That bar we were at last night smelled like cougars. Virginia Slims, Aqua Net and Summer's Eve.
He was doing push ups, crunches and jogging in place in front of the restaurant. I'm not too sure I want to eat there if it requires immediate exercise following the meal.
I just won 10 dollars from out chugging the bar tender and I found out that the baby aint mine in the last hour. I don't even care if l get laid tonight any more.
At least he's not married... I hate Halloween hookups
The lady next to me at the airport just baggage checked a six pack. She is now my hero.
You know it was a challenge blowing out the candles. It was hard to think of a wish, while drunk, with a concussion.
After seeing how much you are able to funnel in a night, I am 90% sure your blood is pure gin.
She asked the woman in the drive through to cover everything she ordered in mayonnaise, including here chilli cheese fries. Didn't happen.
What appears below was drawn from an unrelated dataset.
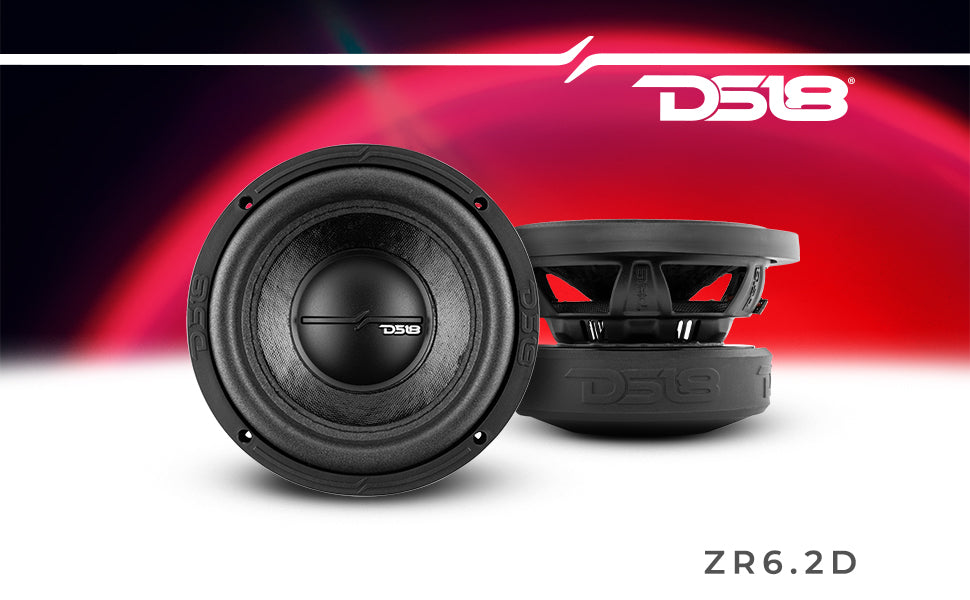 ZR 6.5" Subwoofer 300 Watts Rms DVC 2-Ohm - DS18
Then she started swerving at the car next to us screaming, asking if they had mayonnaise.
My week is over as of 8pm tonight, and I'm herpes free...Let's rage
I have a kicked-out-of-multiple-bars level hangover today
I think my sunburn makes my ass look bigger
i made the walk of shame wearing her booty shorts that said juicy on the back. i'm still counting it as a good night
I didn't want sex last night, but she charmed my dick out of my pants like a snake charmer.
I came so hard my entire leg seized. Her blowjob gave me a Charlie horse.
He's petting your head, we need to leave now.